Subset Sum with Recursion

Background

This problem explores a fundamental recursive backtracking technique. Understanding this pattern is crucial for solving many problems that involve searching through a space of choices.

Problem Description

Given an array of integers, determine if it's possible to choose a group of some of these integers such that their sum equals a given target. This is a classic backtracking recursion problem. Once you grasp the recursive backtracking strategy here, you can apply the same pattern to many problems involving searching a choice space. Instead of examining the entire array, our convention is to consider the portion of the array starting at index start and continuing to the end. The caller can specify the entire array by simply passing start as $0$. No loops are needed; the recursive calls traverse the array.

Input Format

Input is given from standard input in the following format.
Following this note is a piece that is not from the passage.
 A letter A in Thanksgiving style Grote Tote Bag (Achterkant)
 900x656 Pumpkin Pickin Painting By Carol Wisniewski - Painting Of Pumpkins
start [array_elements] target

Output Format

Output is printed to standard output in the following format.

true or false

Sample

0 [2 4 8] 10

true

0 [2 4 8] 14

true

0 [2 4 8] 9

false

Sample Explanation

For the first sample, choosing $2$ and $8$ from the array [2 4 8] sums to $10$, which matches the target. For the second sample, choosing $2$, $4$, and $8$ from the array [2 4 8] sums to $14$, which matches the target. For the third sample, no combination of numbers from [2 4 8] sums to $9$.

Constraints

Time limit: 1s, Memory limit: 1024KiB for each test case.